(SUPPLIED ENTRIES begins)

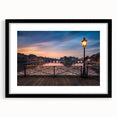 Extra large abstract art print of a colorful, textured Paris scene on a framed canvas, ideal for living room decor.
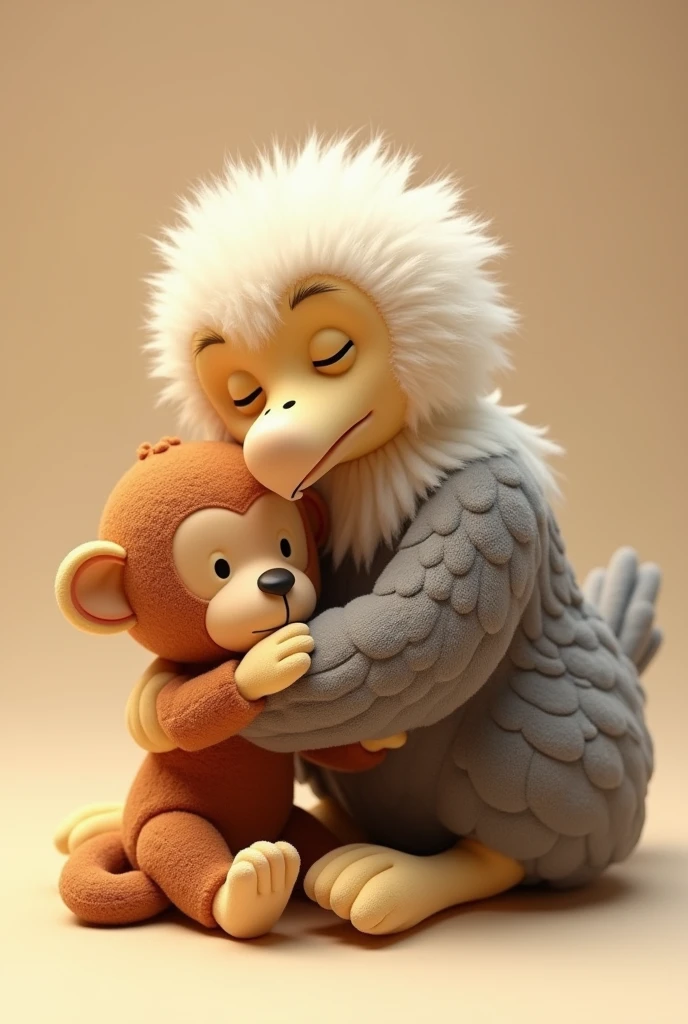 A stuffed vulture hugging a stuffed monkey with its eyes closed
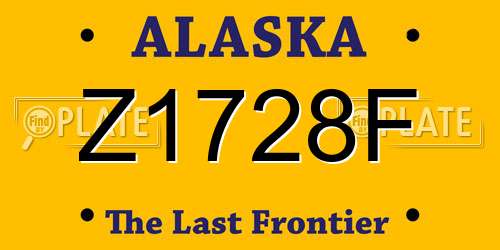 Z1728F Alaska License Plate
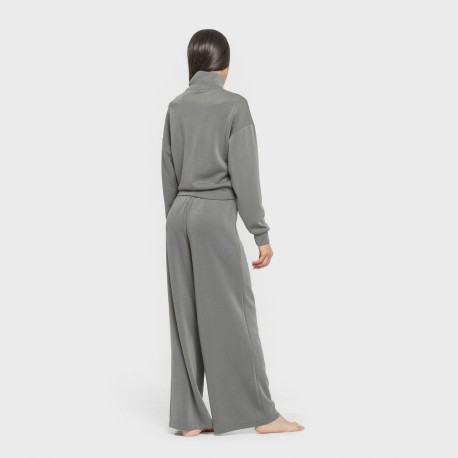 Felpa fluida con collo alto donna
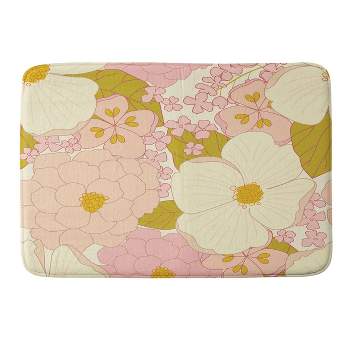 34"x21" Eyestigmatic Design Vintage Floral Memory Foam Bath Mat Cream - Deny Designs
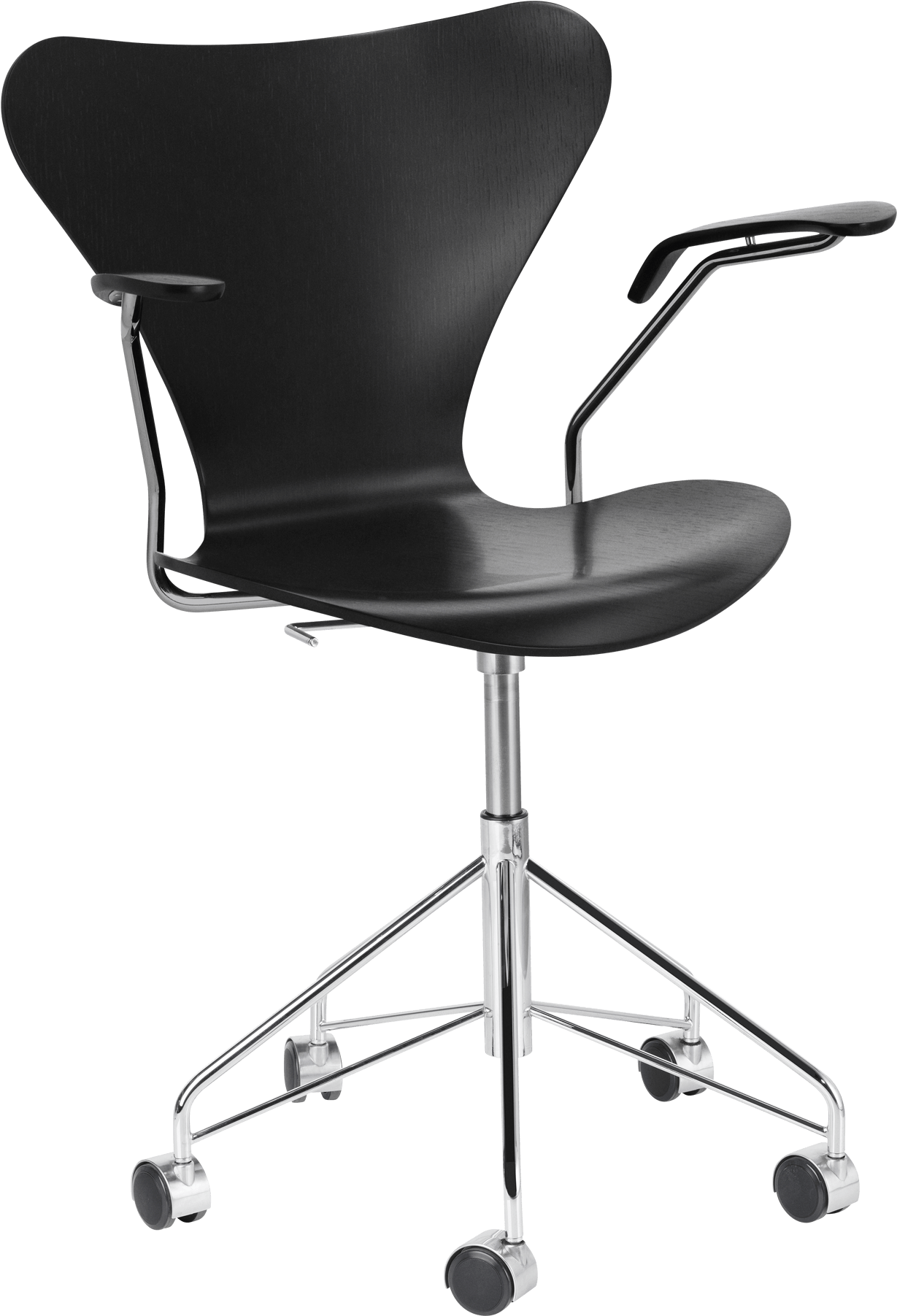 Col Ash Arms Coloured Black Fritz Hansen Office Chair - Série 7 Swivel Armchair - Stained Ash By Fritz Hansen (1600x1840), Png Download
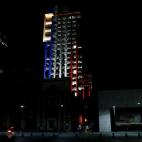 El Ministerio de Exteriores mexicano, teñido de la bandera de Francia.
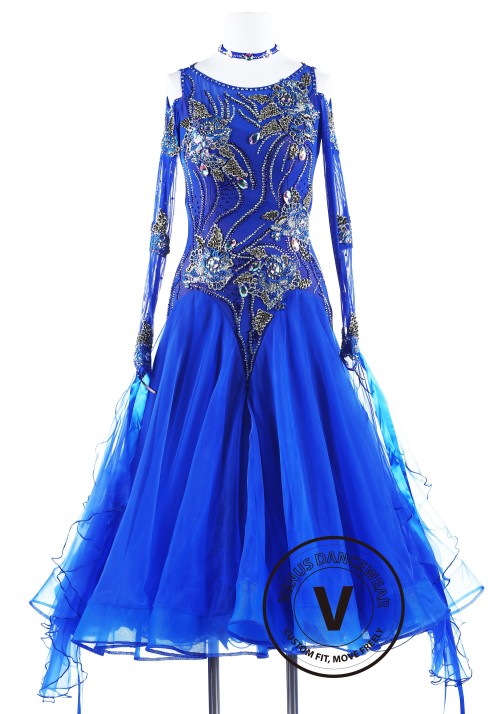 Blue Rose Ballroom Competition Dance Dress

(SUPPLIED ENTRIES ends)

With pictures excluded, copy exactly the lines from the line containing "A stuffed vulture" through the last line of the listing above, both ends included.

WRITTEN ANSWER —
 A stuffed vulture hugging a stuffed monkey with its eyes closed
 Z1728F Alaska License Plate
 Felpa fluida con collo alto donna
 34"x21" Eyestigmatic Design Vintage Floral Memory Foam Bath Mat Cream - Deny Designs
 Col Ash Arms Coloured Black Fritz Hansen Office Chair - Série 7 Swivel Armchair - Stained Ash By Fritz Hansen (1600x1840), Png Download
 El Ministerio de Exteriores mexicano, teñido de la bandera de Francia.
 Blue Rose Ballroom Competition Dance Dress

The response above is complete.